Wirtschaft wettbewerbsfähig - Rahmenbedingungen nicht
Regionaler Konjunkturbericht Jahresbeginn 2024
J: Jahresbeginn, F: Frühjahr, H: Herbst
Die Stimmung bei den Unternehmen aus Industrie, Handel und Dienstleistungen in der Region ist zum Jahresstart 2024 eingetrübt. Ihre Geschäftslage beurteilen die Teilnehmer an der Konjunkturumfrage der IHK Regensburg für Oberpfalz / Kelheim mit den schlechtesten Werten seit drei Jahren. Mit Blick auf die nächsten zwölf Monate bleiben die Unternehmen abwartend, eine positive Trendwende ist nicht in Sicht.

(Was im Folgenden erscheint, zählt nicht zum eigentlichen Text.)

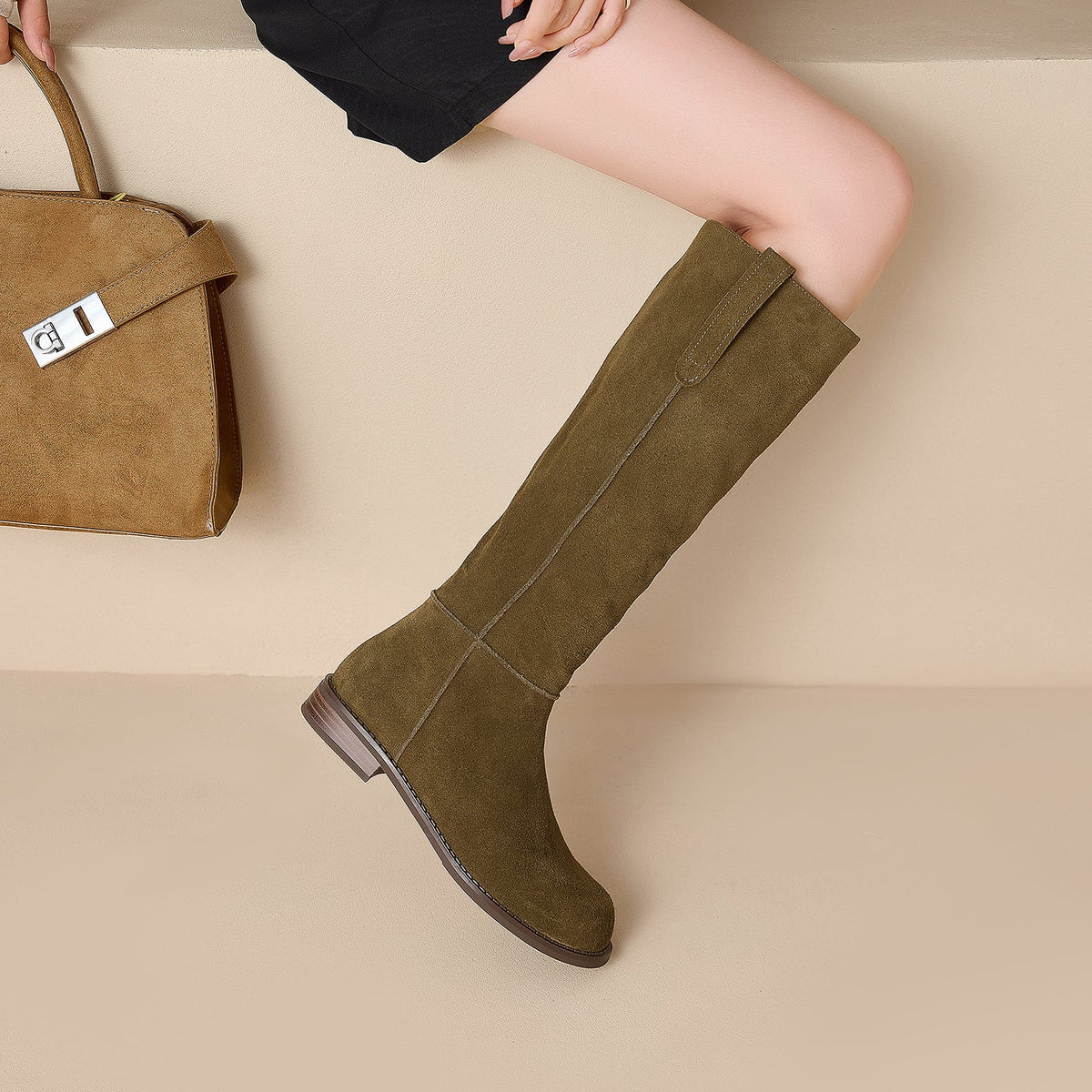 Damen-Kniehohe Wildlederstiefel-Footwear for women-Alpenkind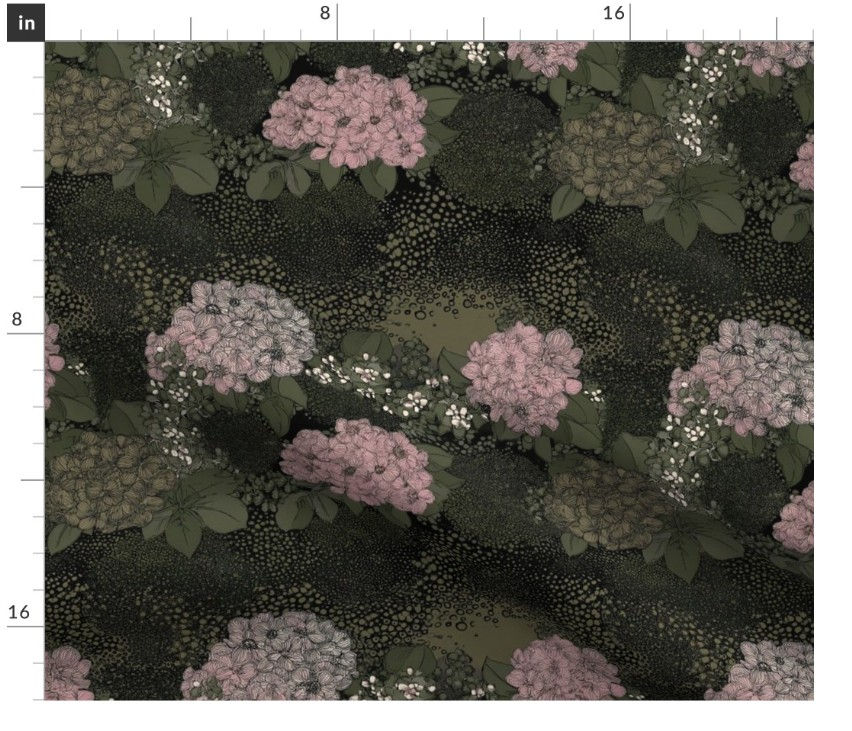 Thumbnail: The Hydrangea Garden 4 in Pink  by Marta Rusin Fat Quarter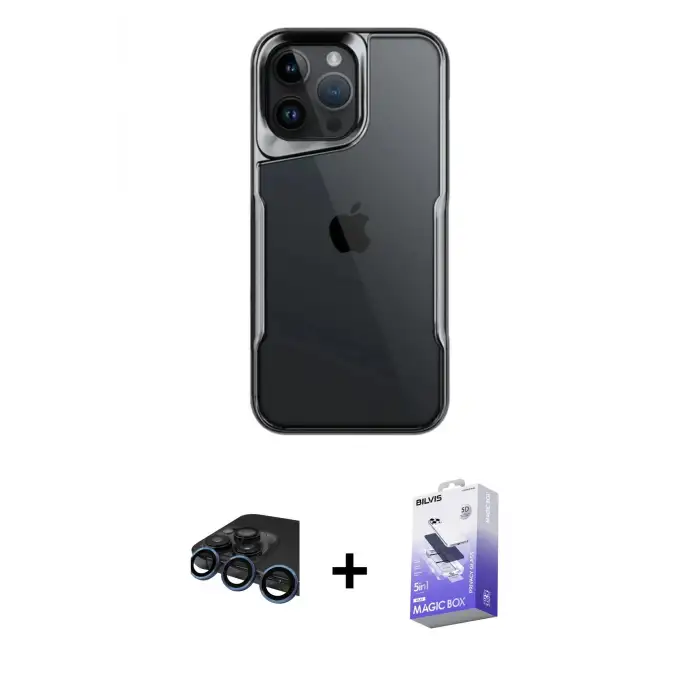 ieg™ iPhone 15 Pro Max Kılıf Akış Çizgi Koleksiyonu - Siyah Bilvis 5in1 5D Magic Hayalet Cam Ekran Koruyucu + Raze Metal Kamera Lens - LT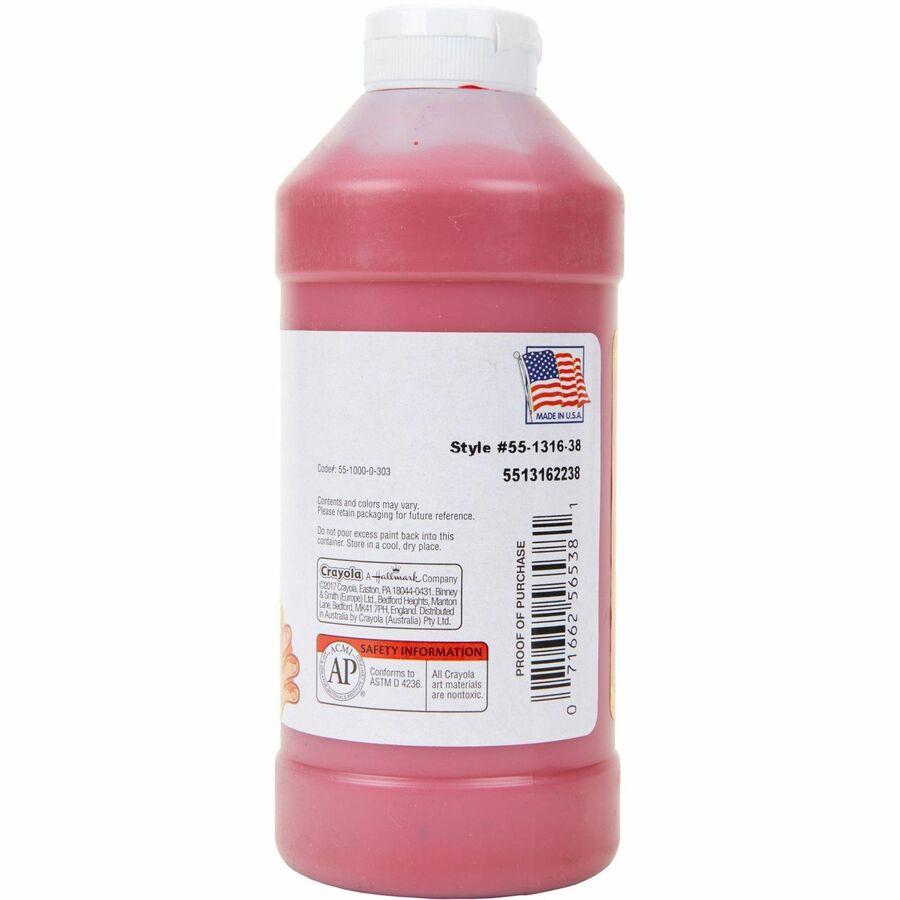 Crayola Washable Finger Paint - 1 Color(s) - Red - 16 fl oz - Washable - 1 Each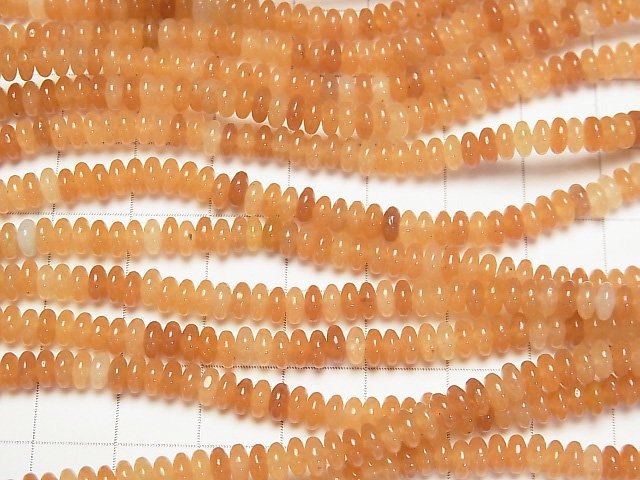 [Video] Orange Aventurine Roundel 4x4x2mm 1strand beads (aprx.15inch/37cm)
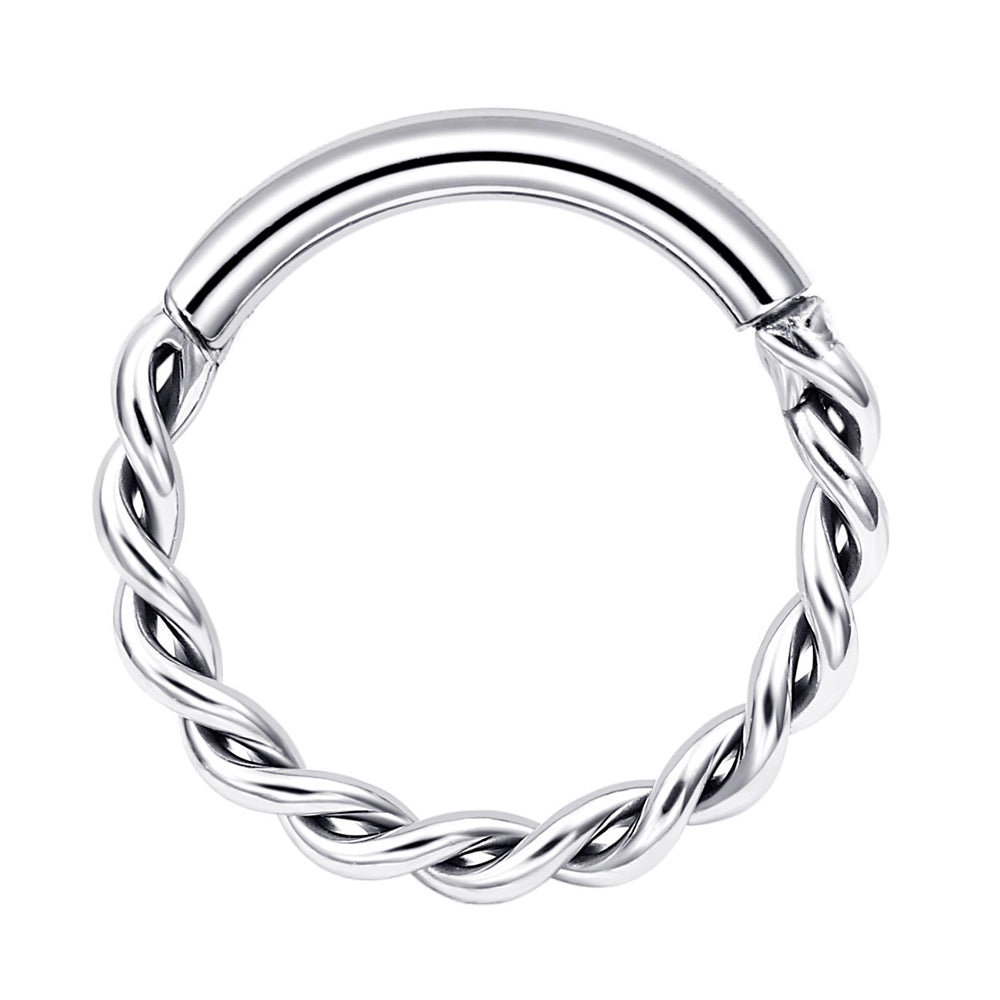 titanium twist hinged clicker hoop 10mm 12mm silver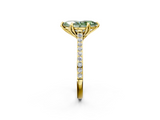 Yellow gold Fancy Green Marquise  Solitaire Diamond Engagement Ring with Pave Band and Six-Prong Setting_22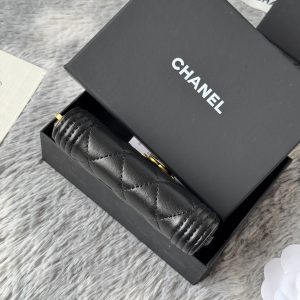 CC Classic Boy Coin Purse Black Gold-tone Lambskin 242886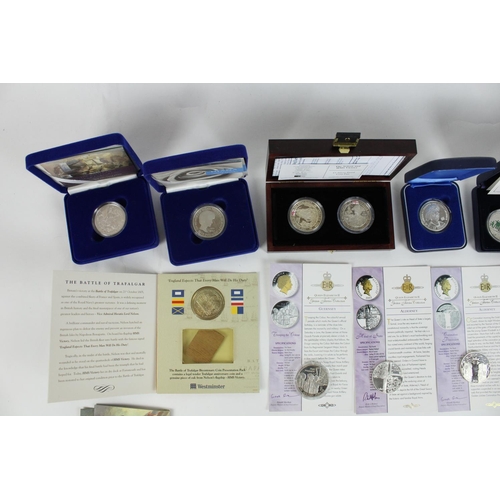 751 - Selection of mixed silver proof coins to include Nelson 2005 crown, Battle of Trafalgar £5, ERII Gol... 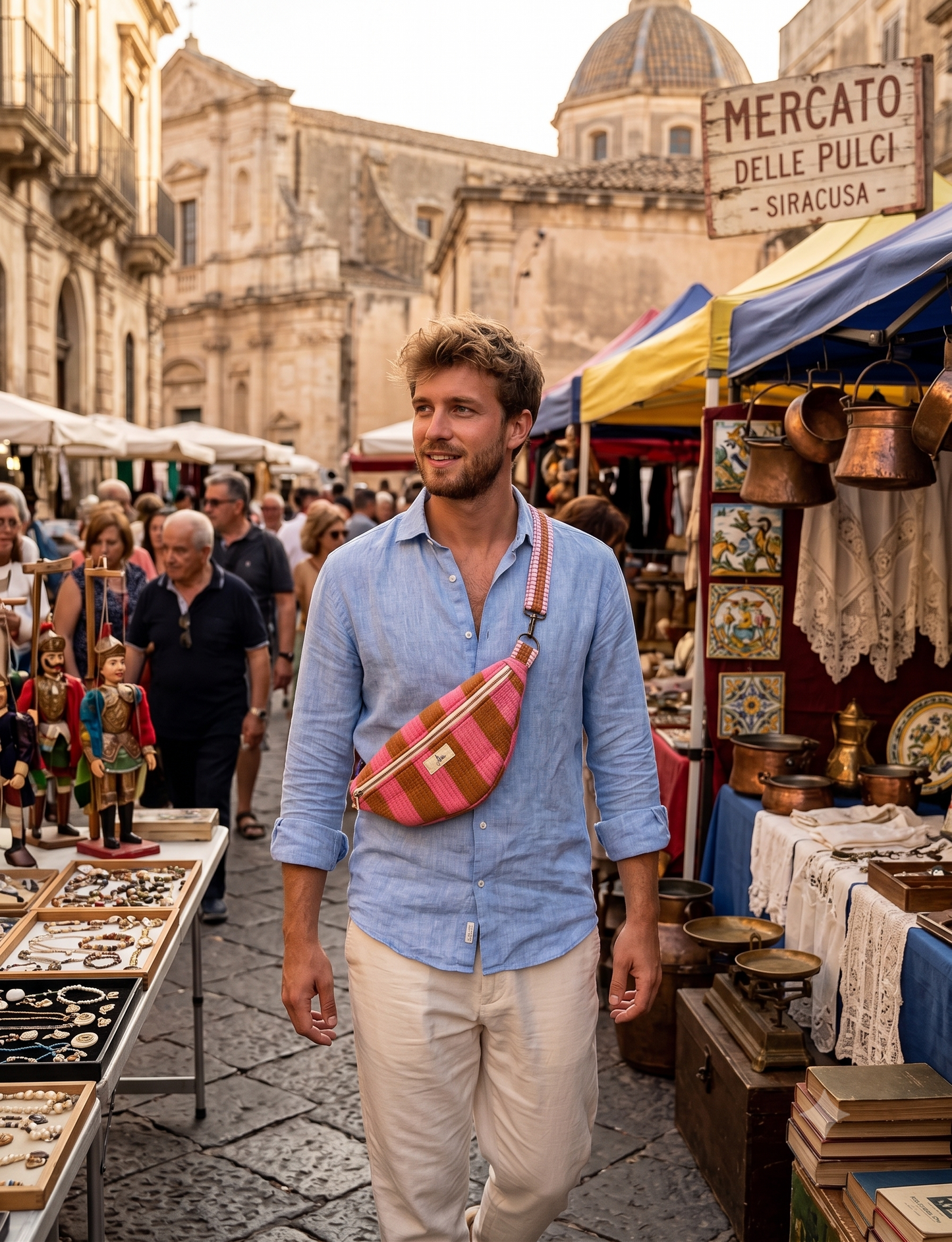 A man walking through a bustling outdoor market street wearing a pink and rust striped crossbody sling bag with a brown leather strap. The background features historic stone buildings, market stalls with colourful awnings, and other shoppers.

Um eine schleichende Deindustrialisierung zu stoppen und Konsumanreize zu setzen, sollte die Politik endlich verlässliche Rahmenbedingungen setzen, heißt es von der IHK. „Unsere Unternehmen sind wettbewerbsfähig, der Standort Deutschland ist es derzeit leider nicht“, sagt IHK-Präsident Michael Matt bei der Vorstellung der Ergebnisse. Er sieht die Politik in der Bringschuld, denn das Hin und Her der Bundesregierung sorge für Verunsicherung bei den Unternehmen und den Verbrauchern. Das hemmt die Investitionsbereitschaft der Wirtschaft hierzulande.“
Die unternehmensnahen Dienstleister sind derzeit noch ein stabiler Anker für die regionale Konjunktur. Hier bezeichnen 51 Prozent ihre Geschäftslage als gut. Bei den bau- und baunahen Betrieben zeigt sich die schlechteste Stimmung seit 2011. In der Industrie zieht insbesondere der Einbruch in der Konsumgüterindustrie die Kurve nach unten. Die Auftragslage bei Investitionsgütern ist hingegen positiv. Während die Reisebranche weiter boomt, sinkt die Lage bei Hotels und Gaststätten. Im Handel zeigte sich der Weihnachtseffekt weniger ausgeprägt als in den Vorjahren. Trotz des Inflationsrückgangs können nach Angaben aller Branchen Prozessoptimierungen die Preissteigerungen weiterhin nicht auffangen.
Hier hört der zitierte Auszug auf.